Single by Yusuf with Paul McCartney & Dolly Parton
- A-side: "Roadsinger (double A-side)"
- Released: 5 May 2009 (bonus track on Roadsinger); 20 July 2009 (single release);
- Recorded: Summer 2008
- Genre: Folk rock
- Length: 3:43
- Label: Island

Yusuf singles chronology
| "Thinking 'Bout You" (2009) | "Roadsinger" / "Boots and Sand" (2009) | "The Day The World Gets 'Round (with Klaus Voormann)" (2009) |

= Boots and Sand =

Song by Yusuf Islam

"Boots and Sand" is a song written and recorded by Yusuf Islam (commonly known as Cat Stevens).
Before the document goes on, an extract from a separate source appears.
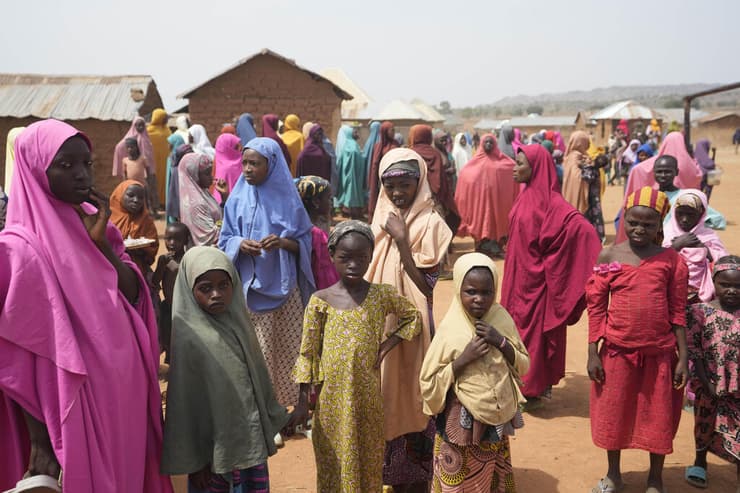 ניגריה מחכים ל דיווחים על ילדים ש נחטפו מ בית הספר ב קוריגה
It appears as an iTunes bonus track on his album Roadsinger (To Warm You Through the Night) which was released on 5 May 2009. The song was also released as a double-A side single together with "Roadsinger", on 20 July 2009.

"Boots and Sand" was written by Yusuf after he was denied entry to the US in 2004, and features guest appearances by both Paul McCartney and Dolly Parton.

The track was recorded in several different studios and countries during the summer of 2008, and mixed by Thomas Juth at Kensaltown Studios in London.